Problem details:
The lines to copy run from the one containing "yellow cup with" to the end of the listing. Please write them out exactly, minus the pictures.

Information provided:

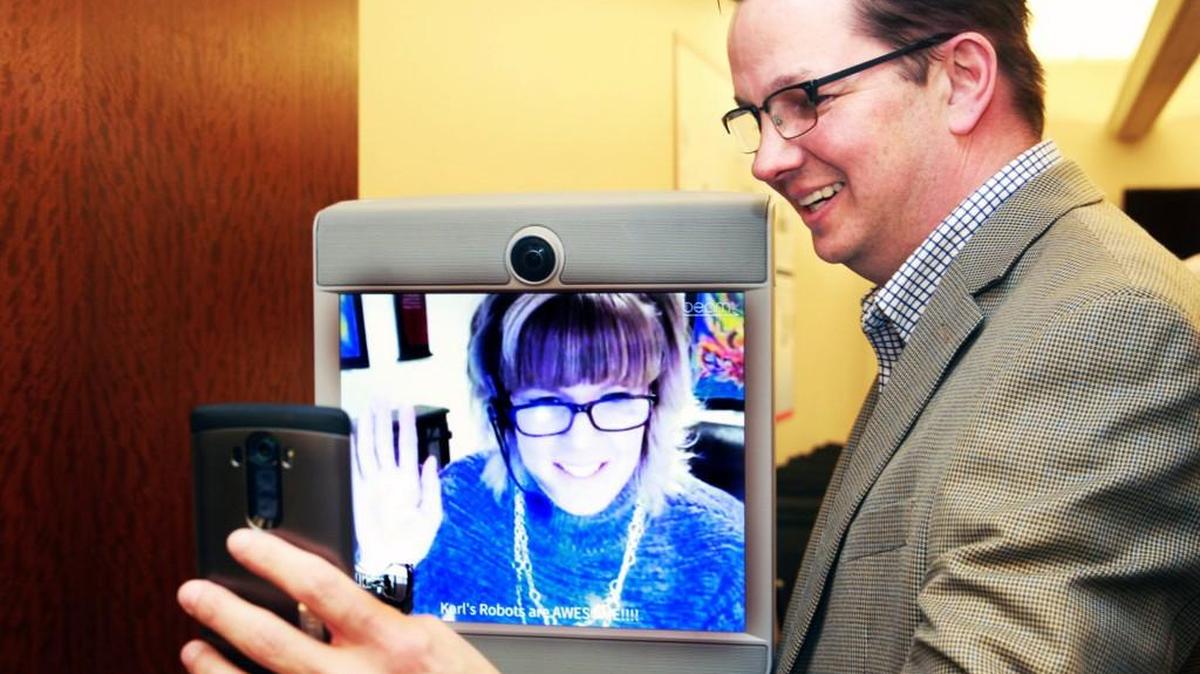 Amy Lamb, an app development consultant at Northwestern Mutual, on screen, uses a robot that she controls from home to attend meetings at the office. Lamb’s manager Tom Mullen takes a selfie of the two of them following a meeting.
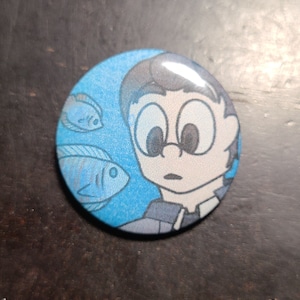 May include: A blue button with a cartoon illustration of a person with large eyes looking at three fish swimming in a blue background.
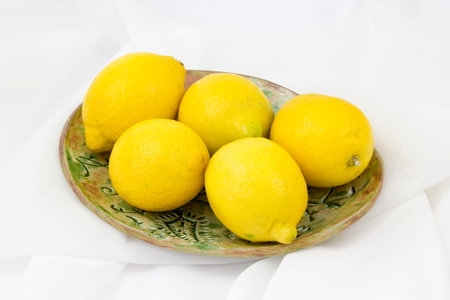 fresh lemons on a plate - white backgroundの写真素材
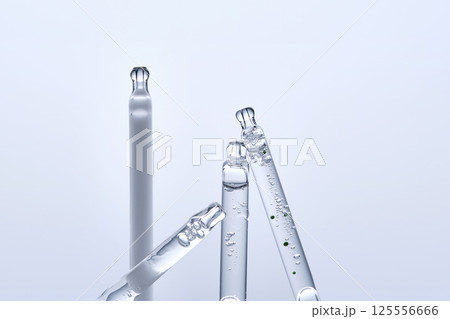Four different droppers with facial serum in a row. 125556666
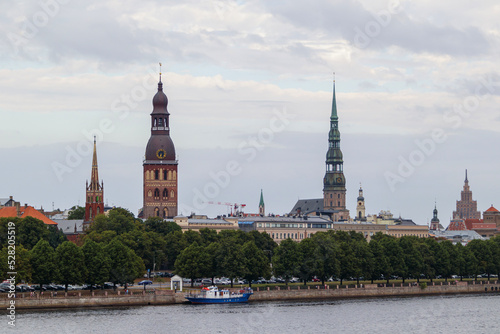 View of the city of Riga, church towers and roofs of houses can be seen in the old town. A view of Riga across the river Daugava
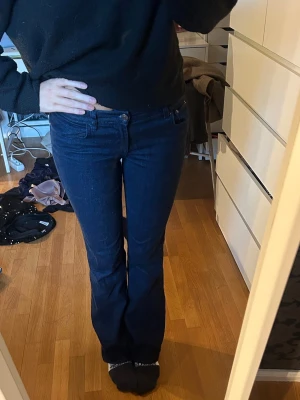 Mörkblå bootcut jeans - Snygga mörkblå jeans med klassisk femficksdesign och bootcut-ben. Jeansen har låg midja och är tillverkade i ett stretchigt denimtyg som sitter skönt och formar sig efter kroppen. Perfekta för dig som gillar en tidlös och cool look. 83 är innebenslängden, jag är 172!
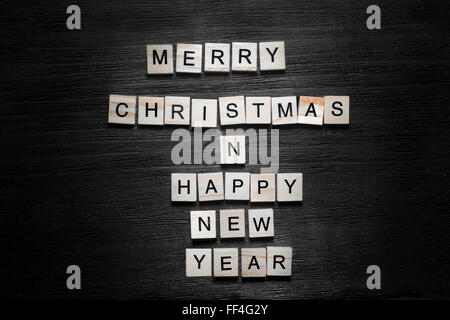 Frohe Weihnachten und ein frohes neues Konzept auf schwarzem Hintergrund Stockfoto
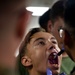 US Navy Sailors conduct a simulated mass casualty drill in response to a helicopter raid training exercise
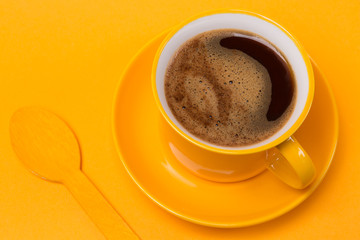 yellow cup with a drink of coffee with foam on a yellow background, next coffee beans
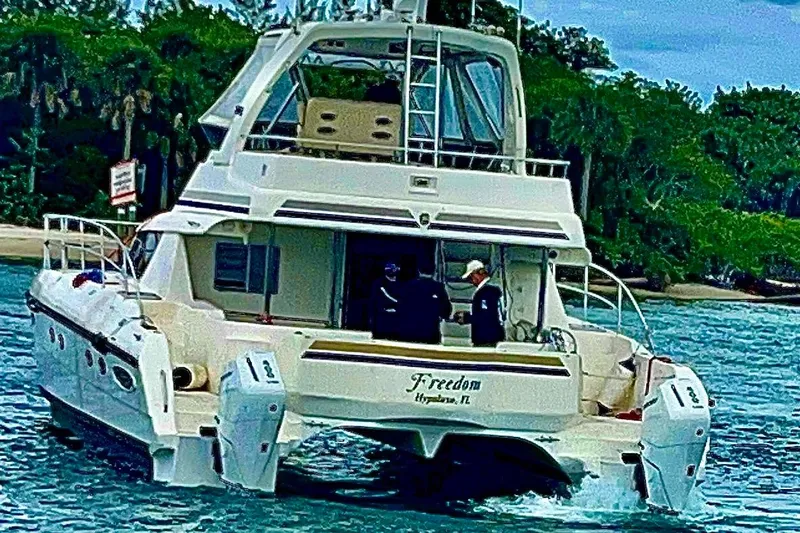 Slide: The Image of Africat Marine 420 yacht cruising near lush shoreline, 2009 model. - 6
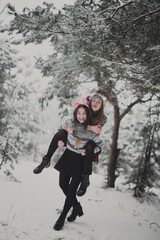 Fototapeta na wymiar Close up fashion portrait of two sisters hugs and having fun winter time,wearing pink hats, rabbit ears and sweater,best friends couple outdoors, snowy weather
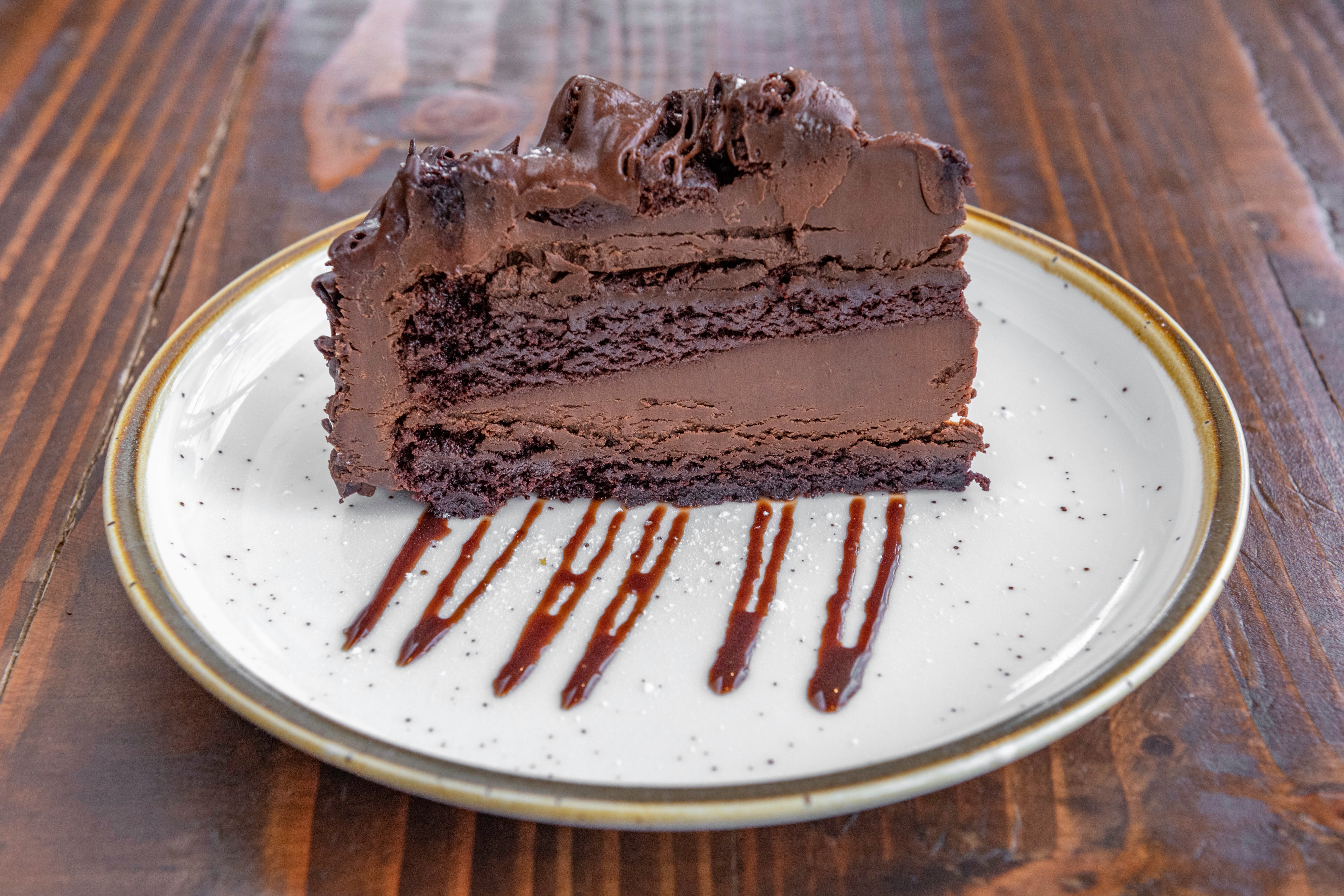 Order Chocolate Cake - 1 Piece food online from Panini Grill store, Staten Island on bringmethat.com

Reply to the exercise:
 yellow cup with a drink of coffee with foam on a yellow background, next coffee beans
 Slide: The Image of Africat Marine 420 yacht cruising near lush shoreline, 2009 model. - 6
 Fototapeta na wymiar Close up fashion portrait of two sisters hugs and having fun winter time,wearing pink hats, rabbit ears and sweater,best friends couple outdoors, snowy weather
 Order Chocolate Cake - 1 Piece food online from Panini Grill store, Staten Island on bringmethat.com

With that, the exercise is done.